# how do you remove valves from a B&S engine



## raymilosh (Jan 12, 2005)

Hi all,
My response to a briggs and stratton question has led me to a question of my own.
I needed to remove valves from a regular old B&S engine to chlean the valve stems but couldn't figure out a way to do it without buying or making a tool specific to that purpose.
has anyone figured out a way to do it with common tools or has anyone made a tool that works, or is a tool pretty easy and cheap to find?


----------



## Beeman (Dec 29, 2002)

Valve springs should be easy to compress with anything you can push on them with. just might need a 3rd hand to hold the valve closed and or slip the retainer off the spring.


----------



## crafty2002 (Aug 23, 2006)

The easiest way, of course is a valve spring compressor but I have taken them out wirh a small flat pry bar tha has enough room for the valve srem to go through. 
Use a large nut and put it on the landing just inside the opening for leverage.
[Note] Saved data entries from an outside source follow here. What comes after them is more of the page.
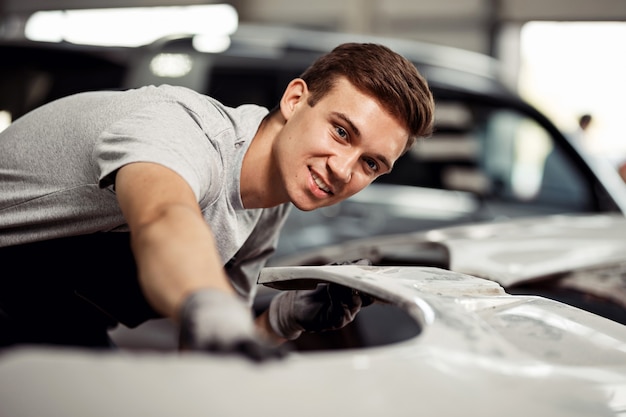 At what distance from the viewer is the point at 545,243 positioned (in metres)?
2.51

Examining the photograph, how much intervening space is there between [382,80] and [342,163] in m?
0.17

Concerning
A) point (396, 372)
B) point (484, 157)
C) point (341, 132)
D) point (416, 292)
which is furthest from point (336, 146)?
point (484, 157)

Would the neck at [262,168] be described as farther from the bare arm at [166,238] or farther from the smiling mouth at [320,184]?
the bare arm at [166,238]

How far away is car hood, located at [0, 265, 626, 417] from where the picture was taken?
2.45 ft

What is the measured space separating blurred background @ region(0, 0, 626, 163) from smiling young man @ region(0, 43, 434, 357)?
7.85 metres

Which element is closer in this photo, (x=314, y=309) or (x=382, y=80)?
(x=382, y=80)

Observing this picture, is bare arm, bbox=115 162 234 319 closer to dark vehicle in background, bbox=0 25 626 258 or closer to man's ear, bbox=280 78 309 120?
man's ear, bbox=280 78 309 120

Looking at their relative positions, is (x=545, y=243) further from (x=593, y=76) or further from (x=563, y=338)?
(x=593, y=76)

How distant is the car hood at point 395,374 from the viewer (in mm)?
746

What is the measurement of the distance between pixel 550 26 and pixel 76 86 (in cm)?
727

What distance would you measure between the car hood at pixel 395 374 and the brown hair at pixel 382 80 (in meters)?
0.33

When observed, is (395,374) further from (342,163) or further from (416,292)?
(342,163)

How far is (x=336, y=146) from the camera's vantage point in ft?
4.33

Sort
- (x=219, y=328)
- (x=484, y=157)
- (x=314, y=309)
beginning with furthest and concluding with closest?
1. (x=484, y=157)
2. (x=314, y=309)
3. (x=219, y=328) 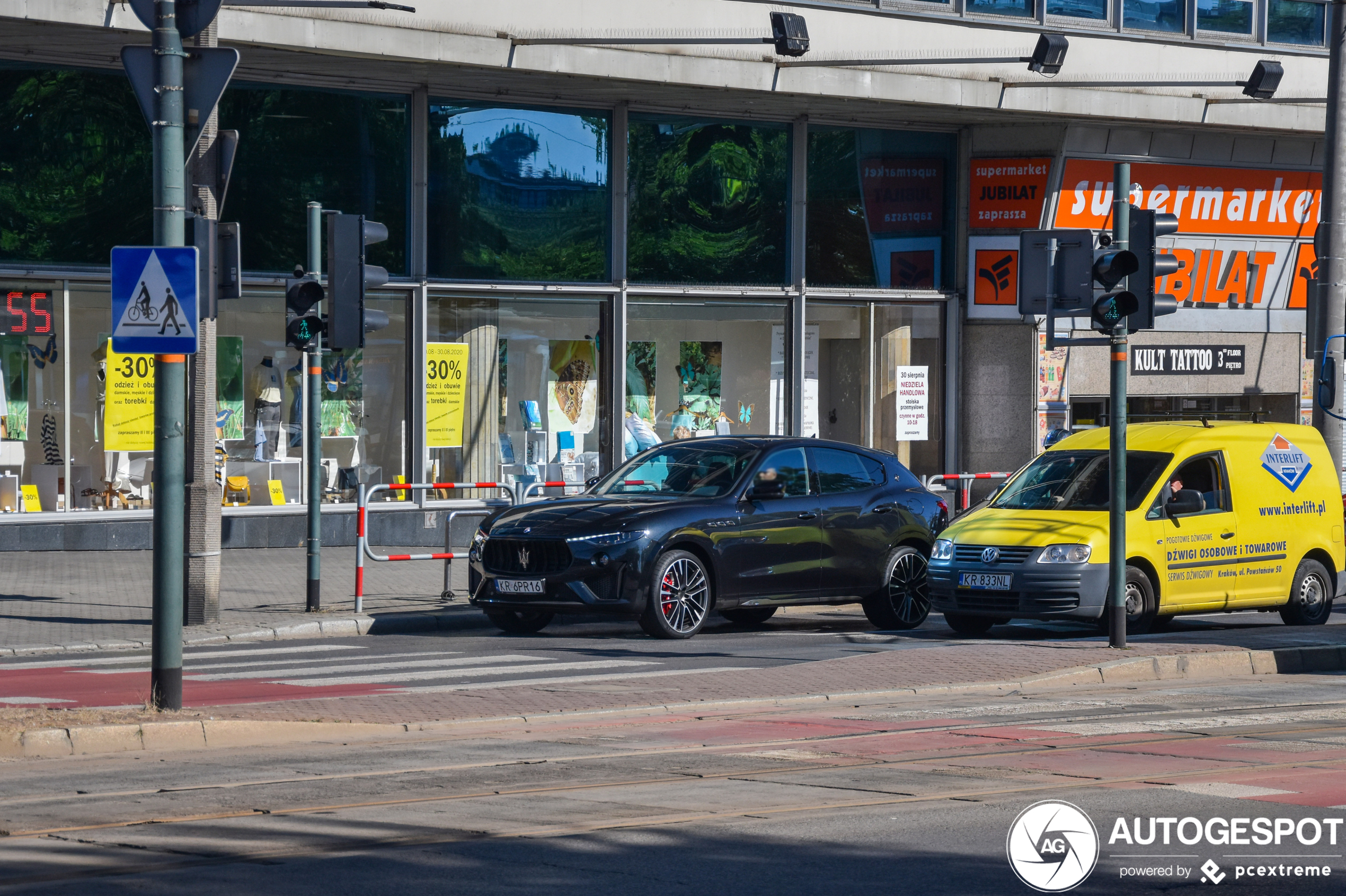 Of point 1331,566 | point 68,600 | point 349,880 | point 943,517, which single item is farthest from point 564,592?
point 349,880

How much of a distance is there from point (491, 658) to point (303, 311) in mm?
4138

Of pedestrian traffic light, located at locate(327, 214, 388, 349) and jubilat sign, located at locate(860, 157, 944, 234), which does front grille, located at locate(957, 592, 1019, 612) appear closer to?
pedestrian traffic light, located at locate(327, 214, 388, 349)

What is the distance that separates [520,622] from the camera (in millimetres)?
15789

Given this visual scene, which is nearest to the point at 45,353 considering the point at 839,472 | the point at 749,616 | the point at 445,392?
the point at 445,392

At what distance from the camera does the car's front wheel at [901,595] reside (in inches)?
645

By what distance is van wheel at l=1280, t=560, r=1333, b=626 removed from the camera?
1639 centimetres

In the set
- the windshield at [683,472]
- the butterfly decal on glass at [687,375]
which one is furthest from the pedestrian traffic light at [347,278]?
the butterfly decal on glass at [687,375]

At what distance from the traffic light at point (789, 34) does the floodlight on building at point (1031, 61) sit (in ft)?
3.08

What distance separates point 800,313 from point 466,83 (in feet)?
19.2

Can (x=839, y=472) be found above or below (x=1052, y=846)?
above

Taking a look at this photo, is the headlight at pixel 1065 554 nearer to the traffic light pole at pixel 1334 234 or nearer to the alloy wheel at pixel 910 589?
the alloy wheel at pixel 910 589

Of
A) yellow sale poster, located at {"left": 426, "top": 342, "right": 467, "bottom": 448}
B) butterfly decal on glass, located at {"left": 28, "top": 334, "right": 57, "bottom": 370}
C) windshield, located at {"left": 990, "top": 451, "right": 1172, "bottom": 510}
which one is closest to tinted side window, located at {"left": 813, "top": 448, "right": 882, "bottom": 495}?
windshield, located at {"left": 990, "top": 451, "right": 1172, "bottom": 510}

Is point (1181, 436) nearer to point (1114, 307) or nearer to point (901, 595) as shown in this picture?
point (901, 595)

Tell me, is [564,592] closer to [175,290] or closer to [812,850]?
[175,290] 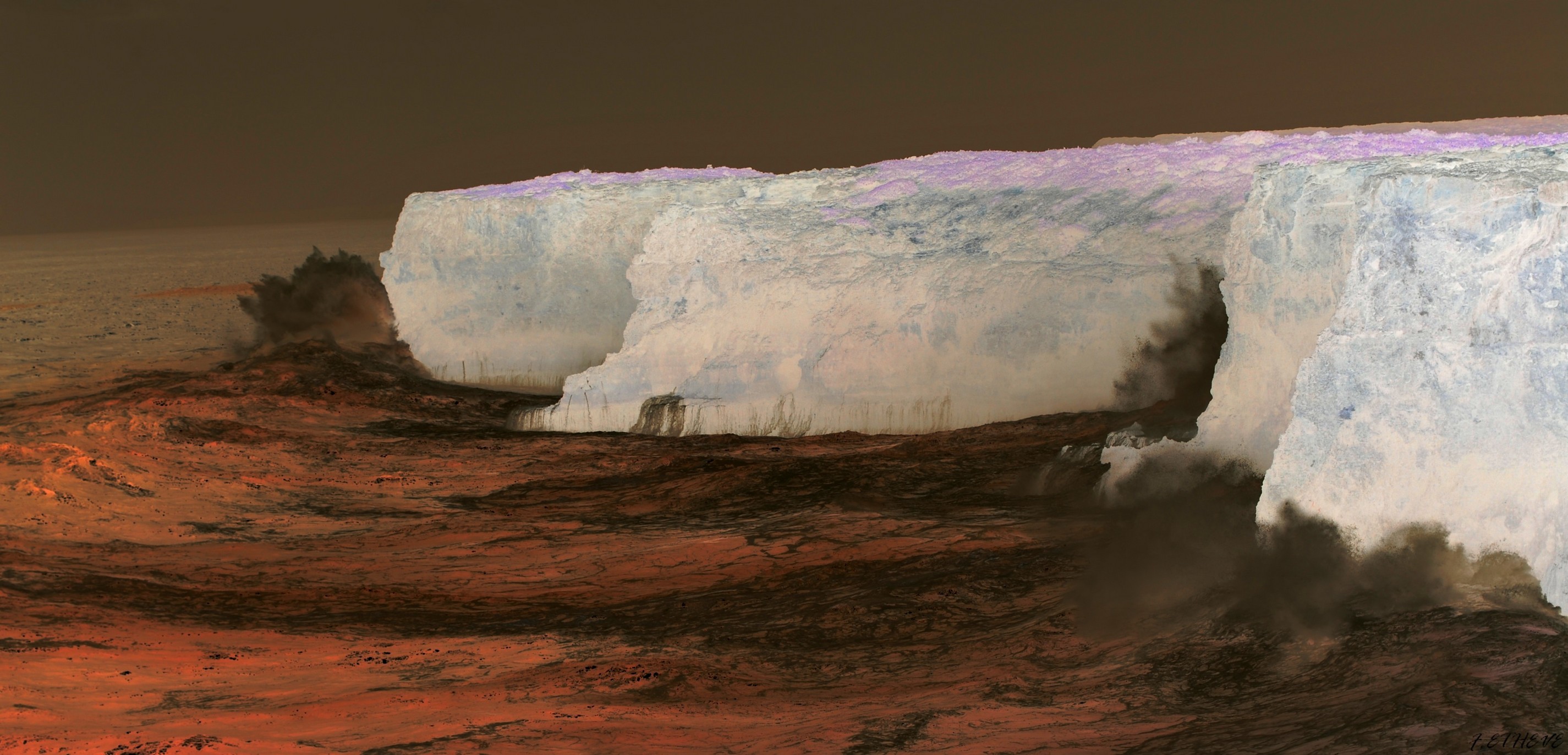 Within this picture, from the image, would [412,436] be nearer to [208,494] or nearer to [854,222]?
[208,494]

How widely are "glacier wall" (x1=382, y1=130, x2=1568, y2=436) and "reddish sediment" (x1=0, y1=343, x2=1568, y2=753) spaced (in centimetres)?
104

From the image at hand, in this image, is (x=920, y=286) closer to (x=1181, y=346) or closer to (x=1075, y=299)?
(x=1075, y=299)

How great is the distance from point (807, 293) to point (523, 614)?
9.37 m

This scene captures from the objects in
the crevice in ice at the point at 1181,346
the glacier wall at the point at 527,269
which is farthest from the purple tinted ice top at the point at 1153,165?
the crevice in ice at the point at 1181,346

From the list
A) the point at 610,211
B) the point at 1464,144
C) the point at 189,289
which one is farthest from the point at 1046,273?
the point at 189,289

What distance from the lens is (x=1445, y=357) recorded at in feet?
27.2

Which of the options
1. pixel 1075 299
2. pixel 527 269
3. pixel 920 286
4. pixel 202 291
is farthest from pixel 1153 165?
pixel 202 291

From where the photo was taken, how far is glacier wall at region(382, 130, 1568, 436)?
55.5 feet

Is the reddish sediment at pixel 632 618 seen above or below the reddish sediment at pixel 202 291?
below

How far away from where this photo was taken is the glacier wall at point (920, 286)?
55.5 feet

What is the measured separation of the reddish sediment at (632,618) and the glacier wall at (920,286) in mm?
1041

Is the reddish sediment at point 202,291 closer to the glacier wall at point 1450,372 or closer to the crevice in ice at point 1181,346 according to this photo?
the crevice in ice at point 1181,346

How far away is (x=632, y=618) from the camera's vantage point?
9711 millimetres

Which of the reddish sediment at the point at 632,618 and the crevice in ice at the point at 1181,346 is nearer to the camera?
the reddish sediment at the point at 632,618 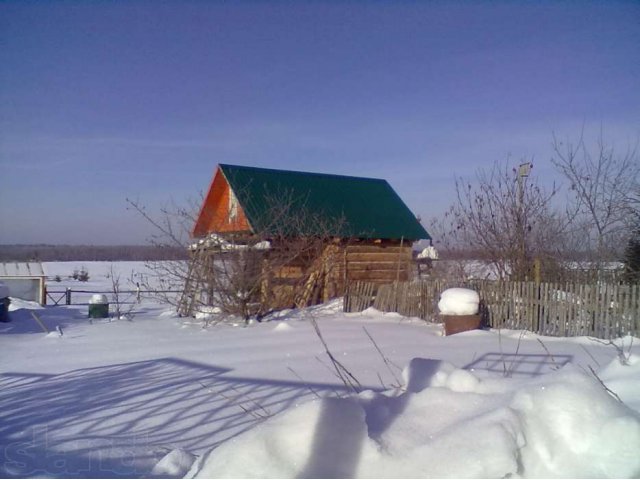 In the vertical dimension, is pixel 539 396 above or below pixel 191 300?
above

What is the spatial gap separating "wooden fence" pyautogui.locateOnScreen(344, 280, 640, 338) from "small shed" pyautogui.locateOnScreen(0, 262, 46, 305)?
56.2ft

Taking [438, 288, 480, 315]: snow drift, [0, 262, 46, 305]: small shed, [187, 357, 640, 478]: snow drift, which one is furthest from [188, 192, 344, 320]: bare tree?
[0, 262, 46, 305]: small shed

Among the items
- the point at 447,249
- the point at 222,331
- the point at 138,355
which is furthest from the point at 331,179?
the point at 138,355

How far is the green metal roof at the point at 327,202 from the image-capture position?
18.2 metres

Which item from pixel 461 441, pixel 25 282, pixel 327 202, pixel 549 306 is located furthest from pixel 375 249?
pixel 461 441

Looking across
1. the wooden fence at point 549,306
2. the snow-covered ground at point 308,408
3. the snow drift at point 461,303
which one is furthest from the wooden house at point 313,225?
the snow drift at point 461,303

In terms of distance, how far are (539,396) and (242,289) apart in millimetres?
12479

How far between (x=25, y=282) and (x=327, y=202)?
14.2m

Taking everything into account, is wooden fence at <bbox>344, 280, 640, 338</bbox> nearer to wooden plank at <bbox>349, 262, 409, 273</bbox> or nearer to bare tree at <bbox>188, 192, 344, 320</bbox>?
bare tree at <bbox>188, 192, 344, 320</bbox>

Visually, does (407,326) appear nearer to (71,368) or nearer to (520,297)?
(520,297)

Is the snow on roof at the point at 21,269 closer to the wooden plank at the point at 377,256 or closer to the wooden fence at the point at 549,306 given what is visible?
the wooden plank at the point at 377,256

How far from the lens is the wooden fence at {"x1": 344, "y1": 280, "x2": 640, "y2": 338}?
1167 centimetres

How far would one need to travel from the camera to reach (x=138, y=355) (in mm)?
10148

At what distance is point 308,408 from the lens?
2877 millimetres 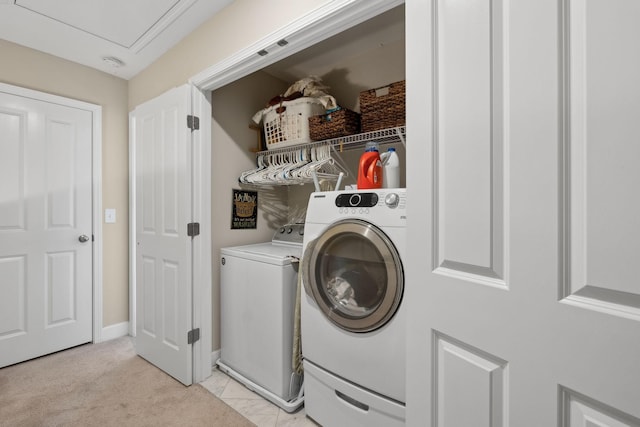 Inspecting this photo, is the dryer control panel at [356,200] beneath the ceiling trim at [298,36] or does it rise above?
beneath

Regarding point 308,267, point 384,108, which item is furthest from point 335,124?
point 308,267

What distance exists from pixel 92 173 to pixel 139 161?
595 millimetres

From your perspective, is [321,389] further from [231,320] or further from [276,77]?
[276,77]

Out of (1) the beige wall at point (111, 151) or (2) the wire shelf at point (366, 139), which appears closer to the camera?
(2) the wire shelf at point (366, 139)

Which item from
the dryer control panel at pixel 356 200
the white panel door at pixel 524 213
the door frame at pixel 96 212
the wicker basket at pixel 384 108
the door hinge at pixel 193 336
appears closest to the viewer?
the white panel door at pixel 524 213

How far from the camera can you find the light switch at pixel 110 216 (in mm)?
2799

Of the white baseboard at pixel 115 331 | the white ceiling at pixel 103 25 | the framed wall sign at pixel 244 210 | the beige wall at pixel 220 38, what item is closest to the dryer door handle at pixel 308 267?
the framed wall sign at pixel 244 210

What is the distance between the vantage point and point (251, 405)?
188cm

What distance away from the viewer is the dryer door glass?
135 cm

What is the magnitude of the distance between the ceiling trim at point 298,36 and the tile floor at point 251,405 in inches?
79.3

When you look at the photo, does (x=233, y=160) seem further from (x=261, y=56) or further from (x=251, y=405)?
(x=251, y=405)

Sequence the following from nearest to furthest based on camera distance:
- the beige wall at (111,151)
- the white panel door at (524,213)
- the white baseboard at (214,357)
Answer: the white panel door at (524,213) < the white baseboard at (214,357) < the beige wall at (111,151)

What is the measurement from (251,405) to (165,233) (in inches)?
51.3

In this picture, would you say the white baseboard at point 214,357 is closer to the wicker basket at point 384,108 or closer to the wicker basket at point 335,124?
the wicker basket at point 335,124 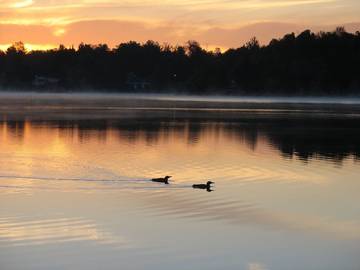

Turn the keeper to start with so the slot is turned so you can twist the lever somewhat to realse the valve after the spring is compressed. 
It can be a pain in the butt but doable. 
Good luck.
Dennis


----------



## BRYAN (Jul 5, 2008)

B&S makes a small tool for this pupose that is pretty much univeral and can be used on most small engines, all the L-heads. They are not terribly expensive, probably still less than $20. There are other makes of small engine spring compressors that also work. I have used a small flatbar, screw driver, etc. and they can work, but they can make you say unbecoming things and throw your tools, too. If you have ever used one of these makeshift methods then used the right tool you will never be without one again. They are available at any B&S parts dealer, JC Whitney sells a type, most auto parts houses carry some universal type, maybe Harbor Freight. Be careful, if you start to buy the special tools, you may begin to enjoy working on it. then you will find another treasure(junk) to work on....


----------



## farminghandyman (Mar 4, 2005)

http://www.dazecoop.co.uk/10-02-2007/how-to-valve-lapping-on-mini-head

a basic pictorial how to, valve compressor may be different in size and possibly look for small motor,

http://www.smokstak.com/forum/showthread.php?t=31347
spring compressor for most flat heads, Briggs, and others,
http://www.mytoolstore.com/kd/kdt379.jpg
http://www.mytoolstore.com/kd/kdengi13.html
good pictures of valves on a flat head engine, http://members.aol.com/pullingtractor/valvecam.htm

I only rember seening the split keepers http://img.jpcycles.com/main/8001118f-374c-46c7-8079-b50b4c94310b.jpeg on the motors I have worked on, but there may be other types as shown in some of the links,


----------



## barelahh (Apr 13, 2007)

I just did a valve job on the kohler engine i have, and didn't have the spring compressor tool. I looked around my toolbox and found my s10 door spring compressor and used it. Worked like a charm 
but you might be able to make one out of some scrap stuff. couple piecs of metal about 1/16" thick maybe cut a notch v in one end on both pieces, bend the sides down about 1/4" 90degrees, drill hole at one end and slide a bolt through, drill hole through center of both pieces and insert a carraige bolt and hammer into hole. Screw down to compress spring


----------